Tariq, el chofer, nos invitó a la boda de uno de sus
mejores amigos. Fuimos a un barrio céntrico de Bagdad, estacionamos el carro en
una calle sin pavimentar. Ya estaba anocheciendo y la gente cocina sus pollos
al carbón en la calle. Muchos habitantes de Bagdad parecen felices. Adentro, en
la fiesta que se celebra en un salón de fiestas, la gente está bailando y
cantando. De un lado las mujeres que no bailan y del otro lado los hombres, que
platican y toman refrescos. En la pista, los jóvenes bailan canciones iraquíes.
Nadie consume alcohol.
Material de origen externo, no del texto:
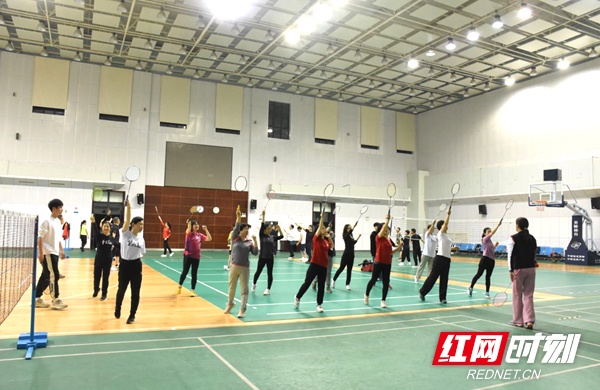 长沙市委党校第59期中青班学员开展羽毛球培训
Lo más raro que se ingiere aquí es la pepsi que trajo el
levantamiento embargo, aunque también gustan los refrescos árabes de cola.
Llama la atención que los jóvenes estén tan felices,
mientras allá en la calle, los tanques y los hummers de la Coalición siguen
paseándose por las calles, con el dedo de los soldados en el gatillo y la mira
de sus armas apuntando al cuerpo de los iraquíes. ¿Están realmente felices? “Sí,
somos felices, pero no estamos de acuerdo con la ocupación. De hecho la
odiamos, odiamos a Bush, odiamos a los soldados, aunque amamos al pueblo de
Estados Unidos”, dice uno de ellos. Nos retiramos de la fiesta con la memoria
repleta de las sonrisas y la hospitalidad de estos jóvenes iraquíes. Hay que
irse temprano. Se viene el toque de queda y lo que sigue después son las noches
de terror.
La resistencia prefiere la noche para atacar y los soldados
de Estados Unidos descargan sus armas con más facilidad. De noche, Bagdad es
una ciudad en tinieblas, silenciosa y desolada. Su quietud parece eterna, hasta
que el sonido de los tableteos de ametralladoras, de pistolas y eventualmente
de bombas y granadas rompe el silencio.
Ahora, los estadounidenses han levantado el toque de queda
durante el ramadán, la celebración sagrada de los musulmanes, pero nadie cree
que la resistencia vaya a terminar. Las calles de Bagdad siguen siendo el
escenario mezclado de una población que se resiste a perder su vida diaria y su
felicidad intrínseca, y detesta la presencia de tropas extranjeras. A pesar de
todo, del descuido de tantos años de embargo, de los edificios que aún
permanecen destruidos, de la basura que nadie limpia en las calles, de los
soldados, de las paredes de hormigón y rollos de alambre de púas, Bagdad sigue
siendo una ciudad hermosa, atravesada
por un río, y habitada por gente tan fuerte y resistente que no pierde su felicidad.
La ocupación no ha llegado hasta el alma de los iraquíes.